SEC Rejects Binance's Lawsuit Dismissal Bid

SEC Rejects Binance’s Lawsuit Dismissal Bid

The US securities regulator has maintained that Binance’s claims in its application to dismiss a lawsuit are without legal foundation and are based on an erroneous legal analysis.

The SEC rejected Binance’s last attempt to have the regulator’s lawsuit dismissed in a court filing on November 7, stating that no court has accepted Binance’s “tortured interpretation of the law.”

In June, the SEC filed a lawsuit against Binance, Binance.US, and its creator, Changpeng “CZ” Zhao, saying that they offered securities without registration and neglected to register as an exchange with the US government.

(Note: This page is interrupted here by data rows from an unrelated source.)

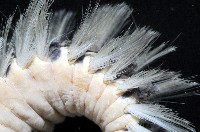黃海毛蟲藏品圖，第3張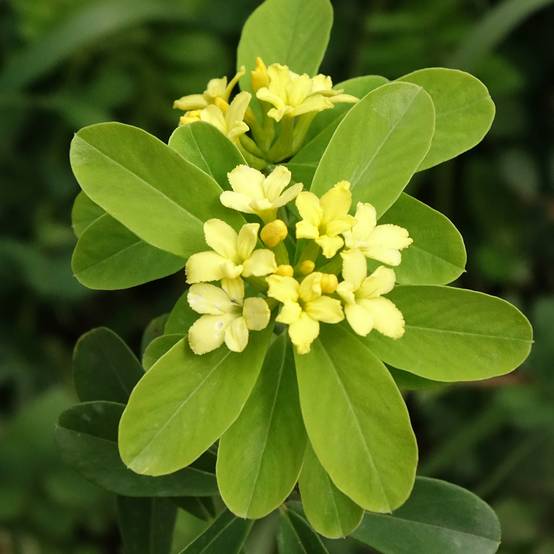 Daphne gemmata Royal Crown Pot de 2L/3L - Image 1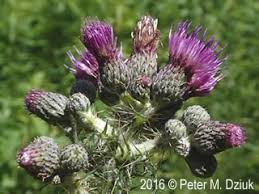 Attēlu rezultāti vaicājumam “Cirsium palustre fruit”
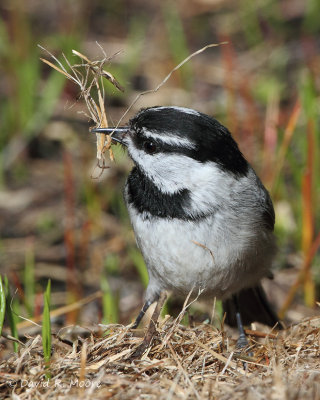 Mountain Chickadee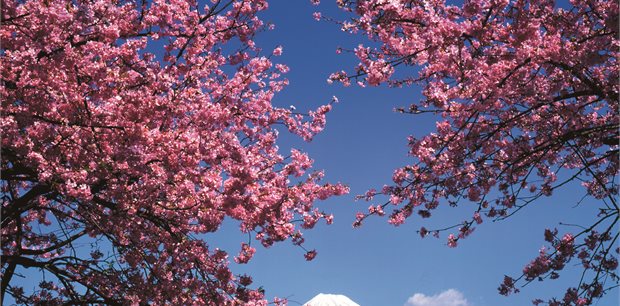 Tokyo on Sale - Air New Zealand - from Christchuch direct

Binance claimed the SEC had overreached its jurisdiction by bringing up the lawsuit, failing to establish crypto rules, and misinterpreting and applying securities laws to the cryptocurrency space.

The SEC asserted in its most recent reply that Binance “never complied” with federal securities rules, saying this was “a deliberate choice.”

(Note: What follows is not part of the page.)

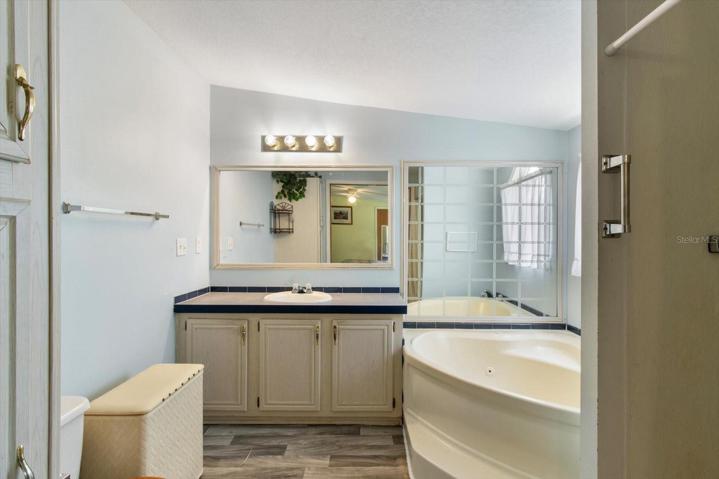 Primary Bedroom en-suite Bathroom with large soaking tub and separate shower with new flooring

“Binance’s Chief Compliance Officer crudely but succinctly summed up this case when he admitted that Binance was ‘operating as a fking unlicensed securities exchange in the USA bro.’ He was right.”

It also stated that Binance’s claims that cryptocurrency is analogous to “supermarket items like oranges are absurd” and that the sales of cryptocurrency on the exchange qualify as investment contracts for the Howey test.

The regulator restated its assertions that Binance USD (BUSD) and the yield-bearing staking, Vault, and Earn programs are investment contracts and that the BNB initial coin sale breached securities laws.

It also rejected Binance’s assertion that the lawsuit went against the significant questions doctrine, which is a 2022 U.S. Supreme Court decision holding that Congress does not grant agencies jurisdiction.

Other cryptocurrency companies have used this case to challenge the SEC’s purported authority.

According to the SEC, approving Binance’s request for dismissal would “dismantle decades of foundational precedent upon which the nation’s securities laws operate” and substitute the present legal system’s “broad, flexible regime” with a “rigid framework.”